BEGIN Record excerpts
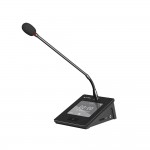 Huain HY-8505TD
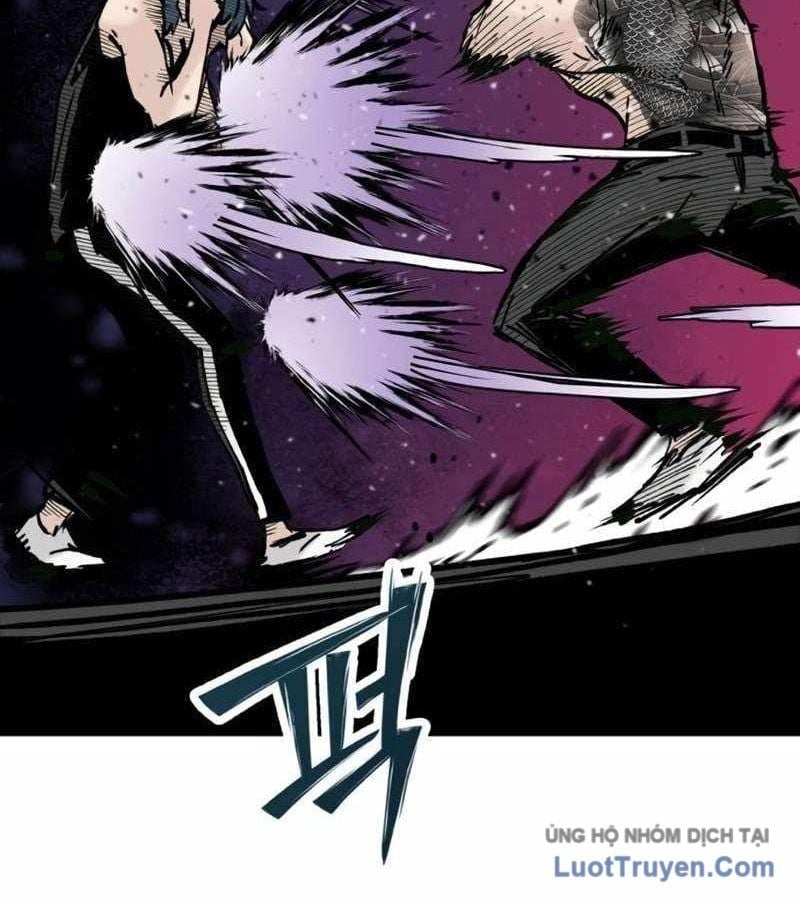 Sự Im Lặng Của Học Sinh Chuyển Trường Chap 28 - Next Chap 29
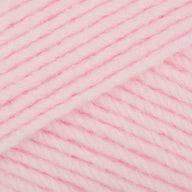 Petal Pink (212)
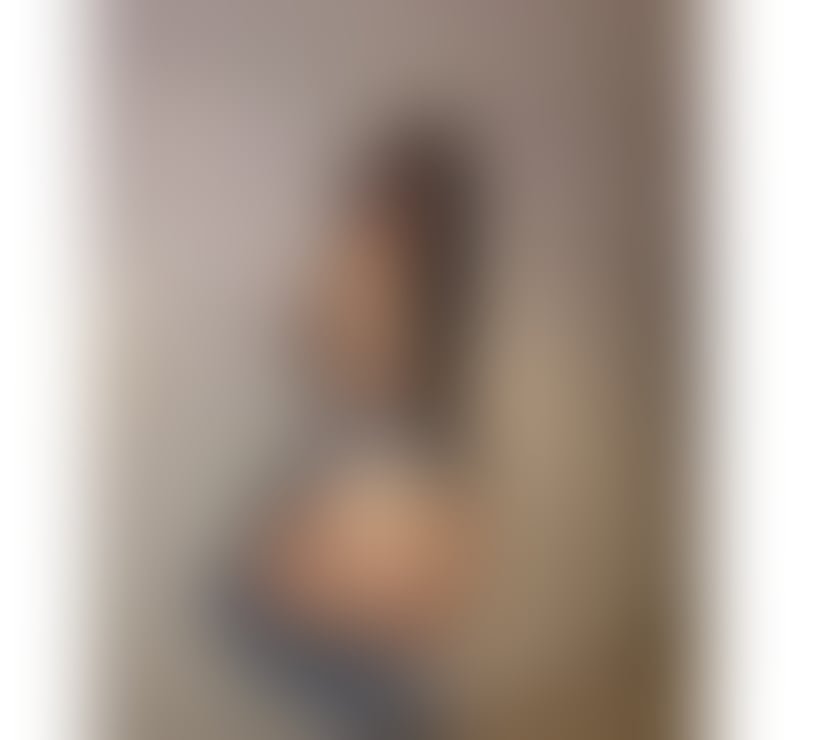 Escorts Highland Inverness - Highland - Photos for 🇧🇷BARBARA BIG ASS🇧🇷 PARTY GIRL 🥳 NEW IN TOWN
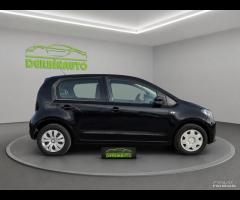 Seat Mii 1.0 5 porte Chic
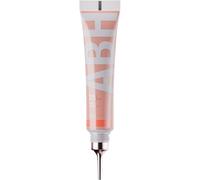 Anastasia Beverly Hills Rouge Blurring Serum Blush 9.5 ml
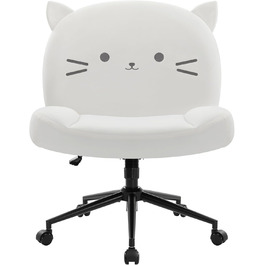 стиль: на кермі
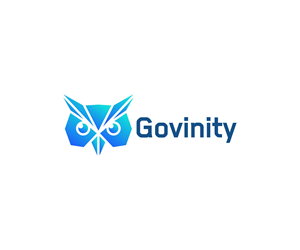Logo Design by alkaline for this project | Design: #36152954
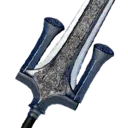 Serdin Greatsword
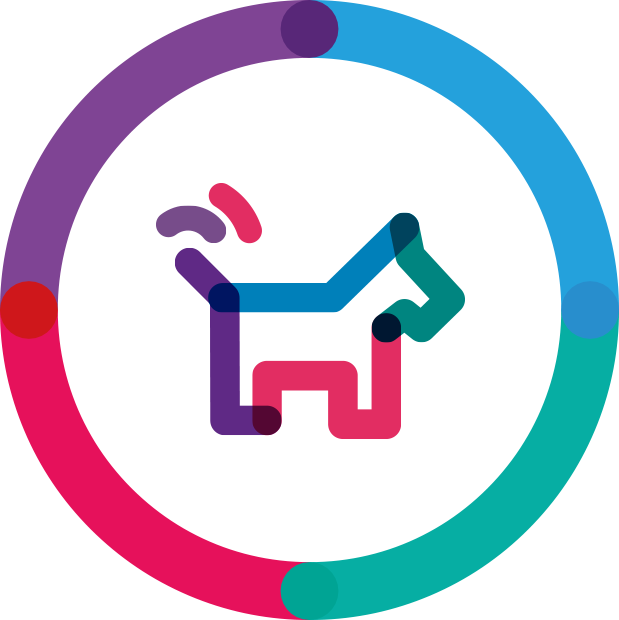 Bravecto® 1M Bravecto LATAM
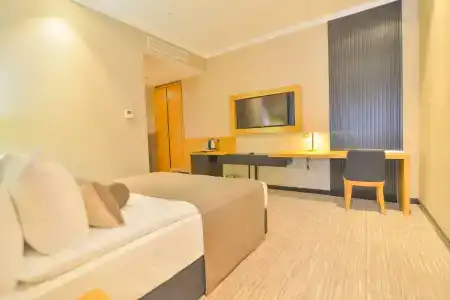 SERENİTY Comfort - 25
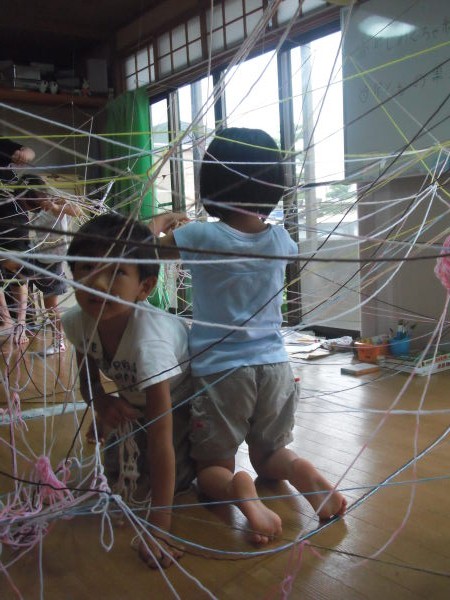 最新のアルバム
END Record excerpts
**Try it**
Copy every line of the records exactly as it is written, but not the pictures.

**Result of the task**
 Huain HY-8505TD
 Sự Im Lặng Của Học Sinh Chuyển Trường Chap 28 - Next Chap 29
 Petal Pink (212)
 Escorts Highland Inverness - Highland - Photos for 🇧🇷BARBARA BIG ASS🇧🇷 PARTY GIRL 🥳 NEW IN TOWN
 Seat Mii 1.0 5 porte Chic
 Anastasia Beverly Hills Rouge Blurring Serum Blush 9.5 ml
 стиль: на кермі
Logo Design by alkaline for this project | Design: #36152954
 Serdin Greatsword
 Bravecto® 1M Bravecto LATAM
 SERENİTY Comfort - 25
 最新のアルバム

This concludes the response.